Even The Appeal, an African-American newspaper, did not include the names of the two women when it picked up the Associated Press story. Which leads me to suspect that the story was sent out without their names. But the name of their murderer was not only put out on the wires, it was mentioned in major newspapers because his death marked an historic first. His name and his story have become part of the tourist industry of the town where he was hanged because he was also an historic last. He was the last man hanged at that jail. So his story is repeated and even dramatized for the tourist trade.
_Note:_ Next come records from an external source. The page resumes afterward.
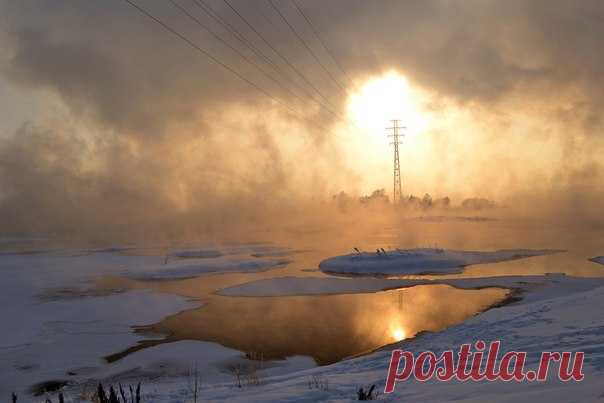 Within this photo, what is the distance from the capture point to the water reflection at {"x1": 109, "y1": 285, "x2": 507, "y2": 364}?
15.0m

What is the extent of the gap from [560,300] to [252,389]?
10697 mm

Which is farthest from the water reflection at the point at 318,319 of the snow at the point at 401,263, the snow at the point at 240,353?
the snow at the point at 401,263

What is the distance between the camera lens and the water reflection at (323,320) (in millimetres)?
14992

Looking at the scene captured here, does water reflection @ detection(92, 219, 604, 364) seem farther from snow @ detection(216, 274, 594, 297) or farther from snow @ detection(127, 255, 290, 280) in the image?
snow @ detection(127, 255, 290, 280)

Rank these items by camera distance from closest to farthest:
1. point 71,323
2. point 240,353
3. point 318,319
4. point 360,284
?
point 240,353 < point 71,323 < point 318,319 < point 360,284

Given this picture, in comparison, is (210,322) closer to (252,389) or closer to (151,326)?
(151,326)

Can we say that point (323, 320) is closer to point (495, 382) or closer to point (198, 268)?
point (495, 382)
The name of the murderer was in all the newspapers I read. A little bit of digging turned up the name of the man who arrested him. I know the name of the (white) woman who had taught one of the murdered women to read and write. I know that that murdered woman was proud she was literate and proud of the hard work that she did to earn a living. I know that she made a habit of writing her name on the dollar bills she received when she was paid. I know that it was the possession of money with her name written on it that led to her murderer being caught. I know that family members of the white woman who taught her sat on the jury that heard the case. I know that the older woman was walking home with her daughter when she was attacked by a white man who intended (at the very least) to steal all her money. Perhaps she feared that even greater harm would be done to her daughter. I know that the older woman fought her attacker and I know that he murdered her and her daughter and then took the money from their corpses.
But I do not know the name of the mother or the daughter. I don\’t know how old either were. I know only that one white man took away their lives and that their place is history has almost been wiped out by the disinterest of those who record these kinds of things.
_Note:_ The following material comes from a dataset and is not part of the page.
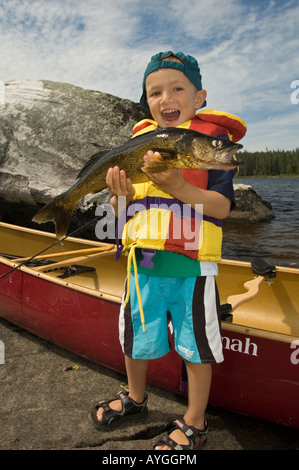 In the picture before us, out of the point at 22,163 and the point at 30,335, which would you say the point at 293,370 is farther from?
the point at 22,163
One hundred years ago today the State of Georgia enacted official revenge for the murder of two black women. It is their names that should be remembered not that of the man who murdered them.
2 thoughts on “100 years ago today: We remember the wrong names”
I guess the killing was so egregious, and the man so despicable, that normal social protections didn't apply to him. Doesn't mean that society would suddenly start valuing black people enough to find their names and identities important.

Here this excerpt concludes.